Required work =
The lines to extract begin at the line that contains "2016 Toyota Hilux" and run through the last line of the listing; reproduce them exactly, minus any pictures.

Given material =
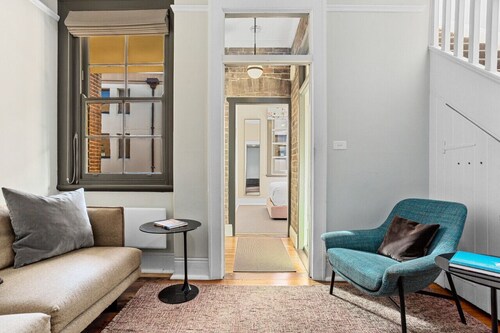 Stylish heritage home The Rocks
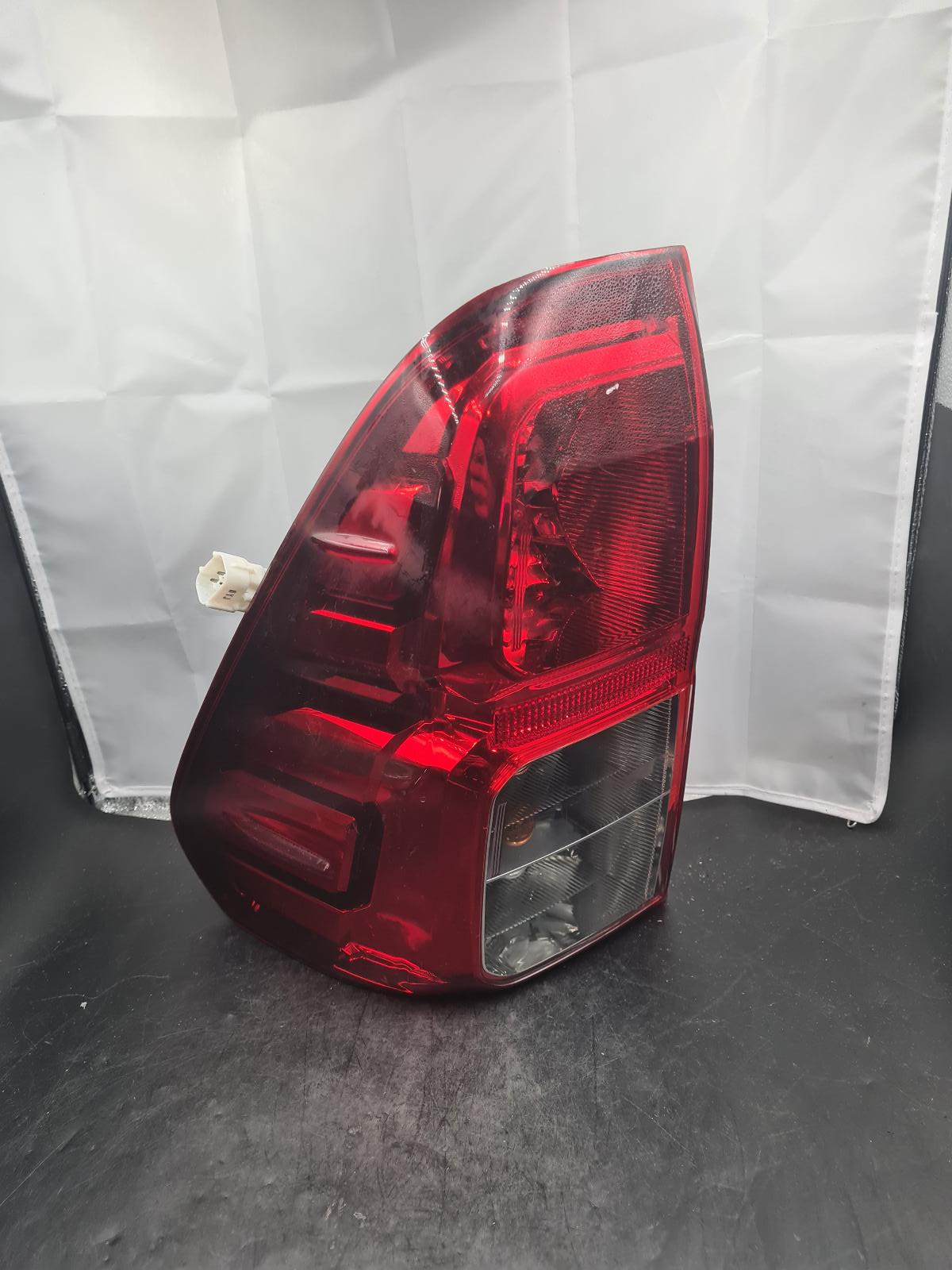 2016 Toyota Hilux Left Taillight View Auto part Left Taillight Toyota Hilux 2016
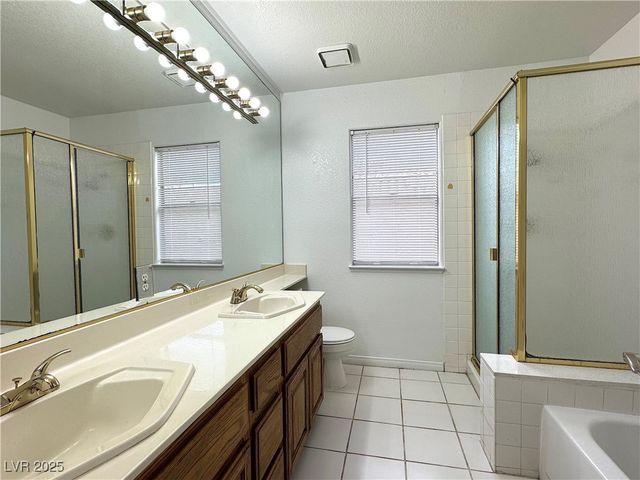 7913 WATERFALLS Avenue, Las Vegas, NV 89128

Answer for this exercise =
 2016 Toyota Hilux Left Taillight View Auto part Left Taillight Toyota Hilux 2016
 7913 WATERFALLS Avenue, Las Vegas, NV 89128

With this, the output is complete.